Legends are stories that revolve around a person who may or may not have lived. Like myths, they are told as true stories, whereas legends are set in the real world.
We hope that you will enjoy our selections.
The Lion and the Mouse
illus. by Jerry Pinkney, (Little Brown & Co., $16.99, ISBN 978-0-316-01356-7), 40p, Ages 3-6.
In a nearly wordless interpretation of the popular Aesop's fable, Jerry Pinkney's marvelous rendition takes place in Africa. An adventurous mouse escapes the claws of a hungry owl, only to accidentally disturb a sleeping lion. Trapped in his paws, mouse is graciously freed to live another day. When she later comes upon the lion, caught in a hunter's trap, she remembers the lion's kindness and nibbles his ropes. The little mouse returns home with a piece of rope for her babies to chew. Endpapers show the mouse and her babies resting on the lion's back for a family outing. Artist's Note explains his concern and reverence for animal life. "It seemed fitting, then, to stage this fable in the African Serengeti of Tanzania and Kenya, with its wide horizon and abundant wildlife so awesome yet fragile–not unlike the two sides of each of the heroes starring in this great tale for all times." As always, Jerry Pinkney's illustrations are delightful.
retold/illus. by Ruth Sanderson, (Little, Brown & Co., $16.99, ISBN 978-0-316-77885-5), 32p, Ages 4+.
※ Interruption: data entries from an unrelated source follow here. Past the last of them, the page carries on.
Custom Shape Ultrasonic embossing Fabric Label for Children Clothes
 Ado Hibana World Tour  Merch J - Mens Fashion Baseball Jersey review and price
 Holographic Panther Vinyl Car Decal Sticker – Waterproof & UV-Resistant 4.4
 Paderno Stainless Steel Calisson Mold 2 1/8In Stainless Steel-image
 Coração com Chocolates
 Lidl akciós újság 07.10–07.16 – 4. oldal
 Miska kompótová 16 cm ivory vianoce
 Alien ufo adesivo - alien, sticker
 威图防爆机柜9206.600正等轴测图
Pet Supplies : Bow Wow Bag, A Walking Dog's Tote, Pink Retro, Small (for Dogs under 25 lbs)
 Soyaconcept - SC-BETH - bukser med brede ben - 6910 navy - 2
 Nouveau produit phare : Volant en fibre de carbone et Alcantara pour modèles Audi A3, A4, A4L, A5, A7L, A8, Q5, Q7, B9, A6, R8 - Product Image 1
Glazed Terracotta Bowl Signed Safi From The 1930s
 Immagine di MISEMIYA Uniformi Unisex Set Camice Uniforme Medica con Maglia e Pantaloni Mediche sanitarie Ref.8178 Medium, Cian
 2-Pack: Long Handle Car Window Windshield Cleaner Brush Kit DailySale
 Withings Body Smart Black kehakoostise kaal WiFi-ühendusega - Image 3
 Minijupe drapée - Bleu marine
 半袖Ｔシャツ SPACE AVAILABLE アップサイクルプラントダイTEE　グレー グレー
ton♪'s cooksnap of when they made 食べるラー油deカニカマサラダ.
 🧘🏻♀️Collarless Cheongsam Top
"Goldilocks loved to pick blueberries. That morning, she wandered from bush to bush to bush, and before she knew it, she was standing in front of a cottage she had never seen before." Forgetting her manners, Goldilocks creates a mess by eating the inhabitants' porridge, breaking their chairs, and sleeping in their beds. Confronted by the bear inhabitants, Goldilocks is embarrassed by her rudeness and makes amends by straightening up and helping around the house with chores. Offering the bears her bucket of blueberries, they all pitch in to make blueberry muffins. Endpapers offer a delicious recipe. Of the numerous renditions of Goldilocks, this interpretation, with its delightful twist and happy ending will appeal to a new generation.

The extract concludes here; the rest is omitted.